The idea for this blog came to me in the car, trying to nap before work. The night before I spent the evening in the ER. Mother fell hard enough that all the nurses at the care center heard it. She needed a CT scan to check for damage. She was okay. She went back to the care center. I came home to piles of her boxes taking over my living room, kitchen, and bedroom. Boxes of things to deal with. Boxes and boxes of photos and mementos need to be scanned and distributed to the family. Possessions need to find just the right family member that wants it and will cherish it. Heirlooms that need shadow boxes, aesthetic framing and history preservation to ensure their survival for future family generations. Then there's the storage units.
Mother has been at the care center for a year. Why am I still struggling with all these things???
The reality is the family is large and scattered.
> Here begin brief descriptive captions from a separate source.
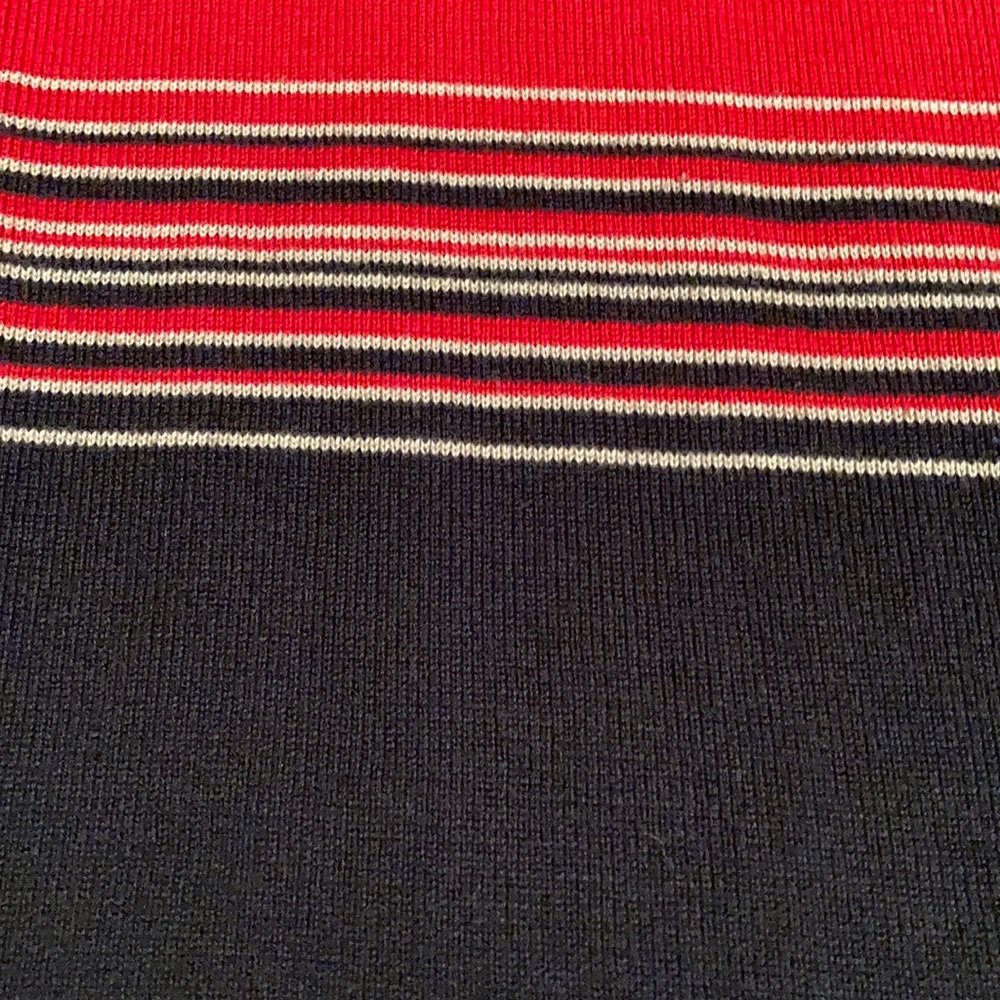 Sweater - Picture 4 of 6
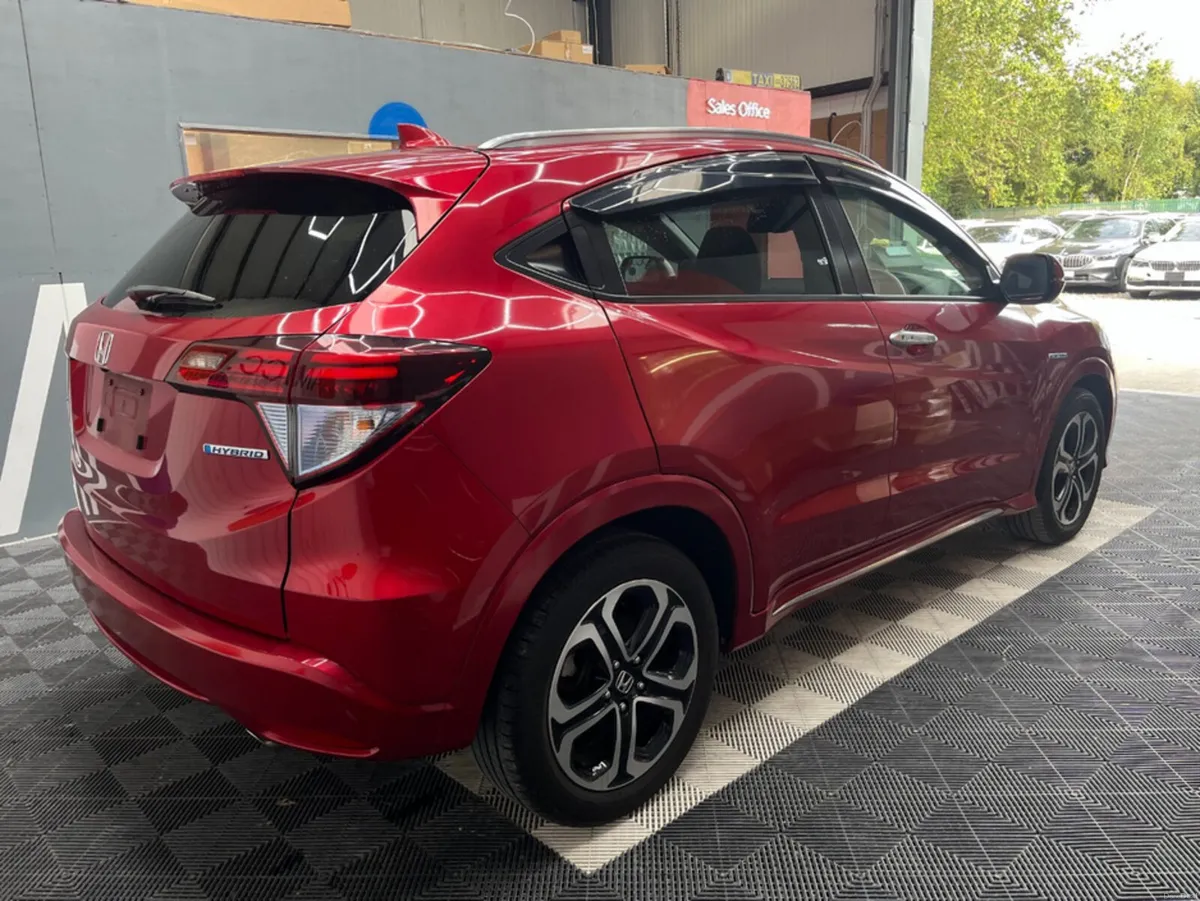 Honda Vezel 2017 HONDA VEZEL HYBRID Z 1.5 AUTOMATI - Image 3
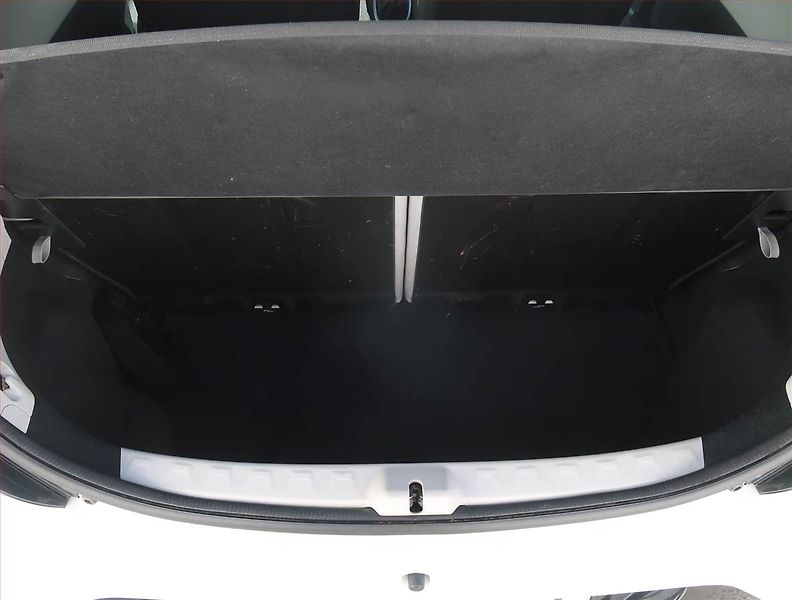 Toyota Aygo (2015) 1.0 VVT-i, Tempomat - fotka 13 z 18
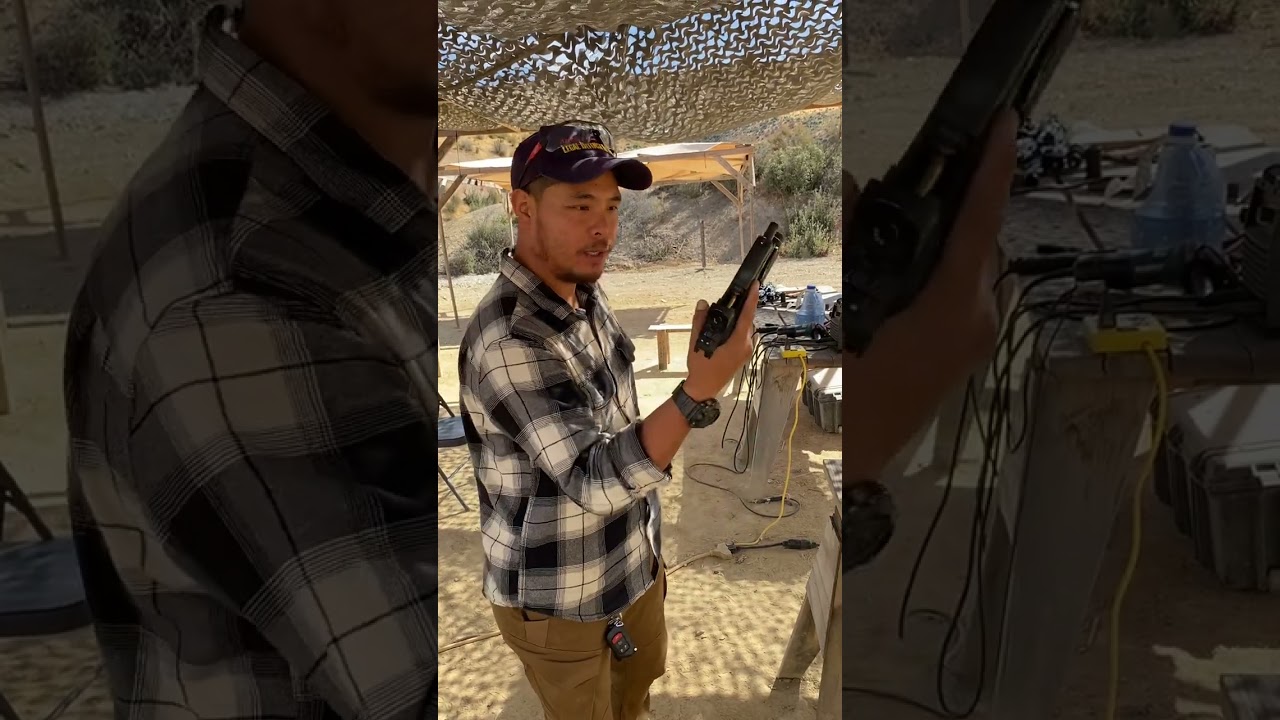 Clear pistol malfunction one handed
Navigating the needs of 5 generations is a bit daunting. I could light everything on fire and be done with it. Despite my brother's encouragement he panics every time I go through a box without him.
Mother has four children. There's a first set of three, my brother and two sisters (J, E, & L). Then there's me. I'm not exaggerating. Twenty years separate me from the oldest, my brother. When I was born my mother was 40. My brother was 20. My sisters were 19 and 17. In fact, my sister had her first child before I was born and was pregnant with her second. My nieces are more like cousins than nieces.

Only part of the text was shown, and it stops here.